The Aga Khan II had married Shamsul Mulk in 1867, who became known as Lady Ali Shah. Soon afterwards, they came to Karachi, where their son, Aga Khan III was born in 1877. She used to give names to the newly born babies in the Jamatkhana mostly in Karachi. It is worthwhile to illustrate that on December 25, 1876 a child was born in Karachi in Poonja family. The parent took him to Lady Ali Shah, who held court in the Kharadhar Jamatkhana. In keeping with Ismaili norms, Lady Ali Shah blessed the newly born child with the name of Mahomed Ali by alphabetizing the two words in English in the anglicised form. He was Mahomed Ali Jinnah, the founder of Pakistan, who, throughout his lifetime, adopted the same spelling of his name that was on the record of the Jamatkhana. Lady Ali Shah had been in Bombay in 1881 with her son on the death of the Aga Khan I, and then made her residency at Poona.
Lady Ali Shah took the reins of the Ismaili community affairs during the time his son ascended as 48th Imam, and she administered the affairs efficiently through a Council, consisting of the prominent members of Kutchh, Kathiawar, Gujrat and Sind, until the Aga Khan III attained puberty in 1893.
Lady Ali Shah was indeed a benevolent woman, and famous for her charity and generosity, and her fame reached the fringes of the Muslim lands. In 1880, she had established a school in Karbala for the education and welfare of poor orphans of Sayed families. She also donated a land of 3000 square meters and constructed a building for the Iranian residents at Kazamain. In 1905, she had gone on pilgrimage to Mecca, and on that occasion, she was lavishly charitable that the people forgot all that they had heard of the charities of persons of high rank.

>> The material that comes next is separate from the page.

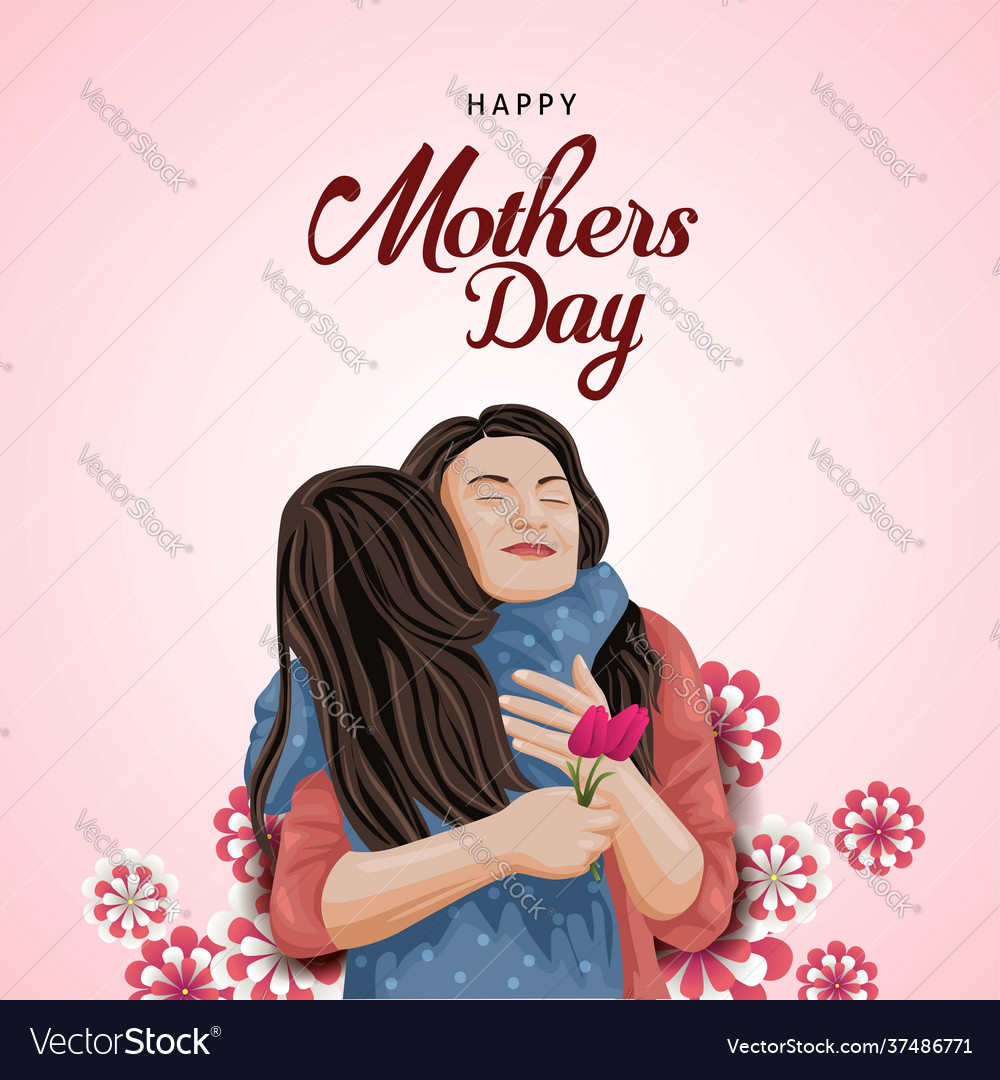 Happy Mothers Day Greeting Mother And Daughter Vector Image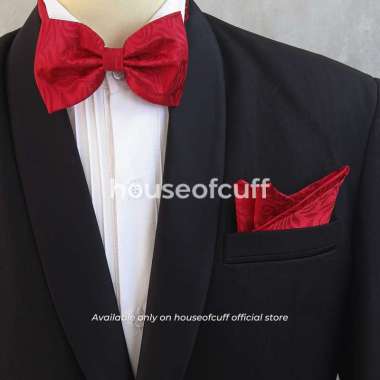 Houseofcuff dasi kupu pria bowtie pocket square jacquard Bowtie coklat motif batik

Lady Ali Shah gave a historical evidence in the Bombay High Court during the proceeding of Haji Bibi Case of 1908 before Justice Louis Pitman Russell, who was greatly struck by her evidence. As he observed in his judgement, she displayed an extraordinary memory.
While the Aga Khan III was away from India during the World War (1914-1919), Lady Ali Shah was tremendously active in his stead. Reference has already been made to her command and ability for organization; she now developed this to the fullest extent by adding to her work of keeping in touch with the Ismaili community. She also placed her services at the disposal of Lord and Lady Willingdon and under her direction, the Ismaili and Iranian ladies rendered great services to the wounded soldiers brought to Bombay from Iraq during the first World War. Under her inspired leadership, the community was able to collect large funds and procured necessary supplies. She kept in constant correspondence with the ruler of Hunza and the influential Iranians, advising them to help the Britain during War. Her nephews and relatives fought on the side of the Allies in Iraq, and one of them notably was Aga Hamid Khan, who was ranked C.I.E.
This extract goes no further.